** Opening Information supplied block **
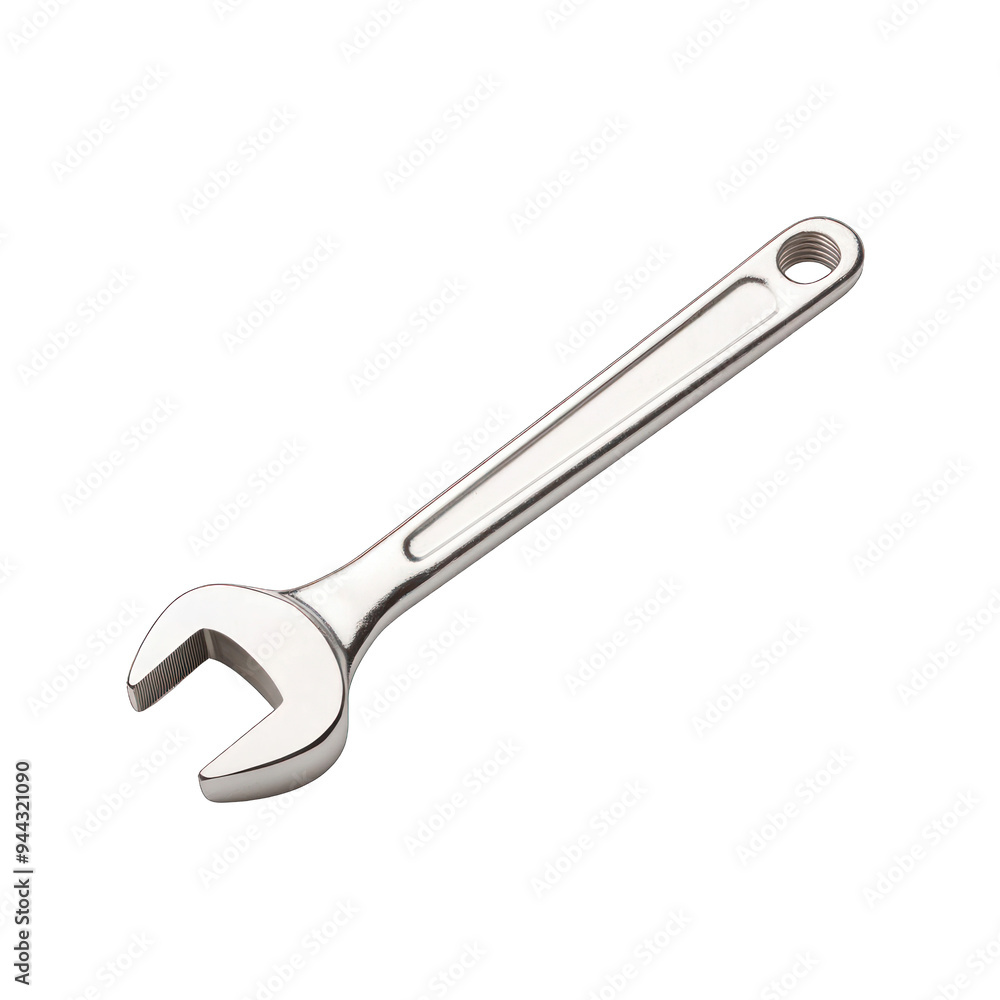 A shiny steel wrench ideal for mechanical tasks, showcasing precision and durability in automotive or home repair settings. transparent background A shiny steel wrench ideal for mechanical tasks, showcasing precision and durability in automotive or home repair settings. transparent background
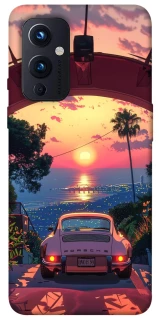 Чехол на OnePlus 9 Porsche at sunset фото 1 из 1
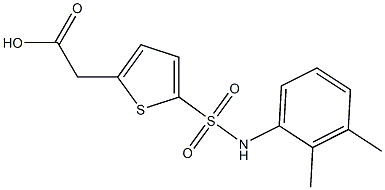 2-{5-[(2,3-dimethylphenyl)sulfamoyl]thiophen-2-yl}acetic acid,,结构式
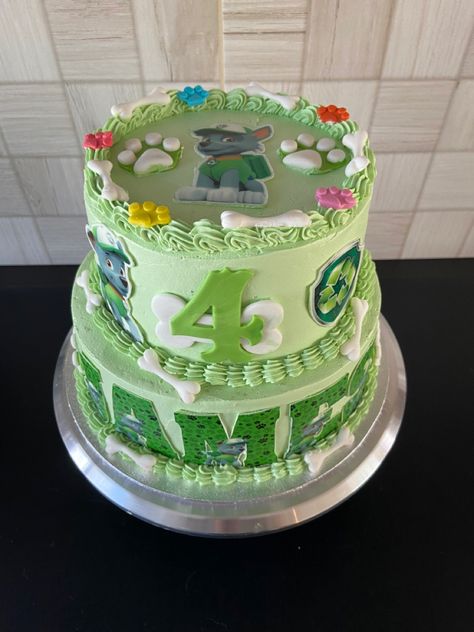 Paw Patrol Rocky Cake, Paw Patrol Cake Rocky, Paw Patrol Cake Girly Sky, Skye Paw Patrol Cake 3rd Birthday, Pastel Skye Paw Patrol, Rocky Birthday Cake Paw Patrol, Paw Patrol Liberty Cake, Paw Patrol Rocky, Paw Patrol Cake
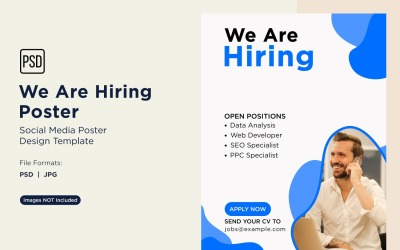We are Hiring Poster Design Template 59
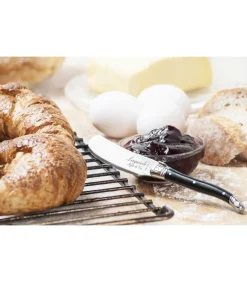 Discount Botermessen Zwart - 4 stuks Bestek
** Closing Information supplied block **
Action item => Transcribe each entry exactly; images stay out.

Solved problem =>
 A shiny steel wrench ideal for mechanical tasks, showcasing precision and durability in automotive or home repair settings. transparent background A shiny steel wrench ideal for mechanical tasks, showcasing precision and durability in automotive or home repair settings. transparent background
 Чехол на OnePlus 9 Porsche at sunset фото 1 из 1
 2-{5-[(2,3-dimethylphenyl)sulfamoyl]thiophen-2-yl}acetic acid,,结构式
 Paw Patrol Rocky Cake, Paw Patrol Cake Rocky, Paw Patrol Cake Girly Sky, Skye Paw Patrol Cake 3rd Birthday, Pastel Skye Paw Patrol, Rocky Birthday Cake Paw Patrol, Paw Patrol Liberty Cake, Paw Patrol Rocky, Paw Patrol Cake
We are Hiring Poster Design Template 59
 Discount Botermessen Zwart - 4 stuks Bestek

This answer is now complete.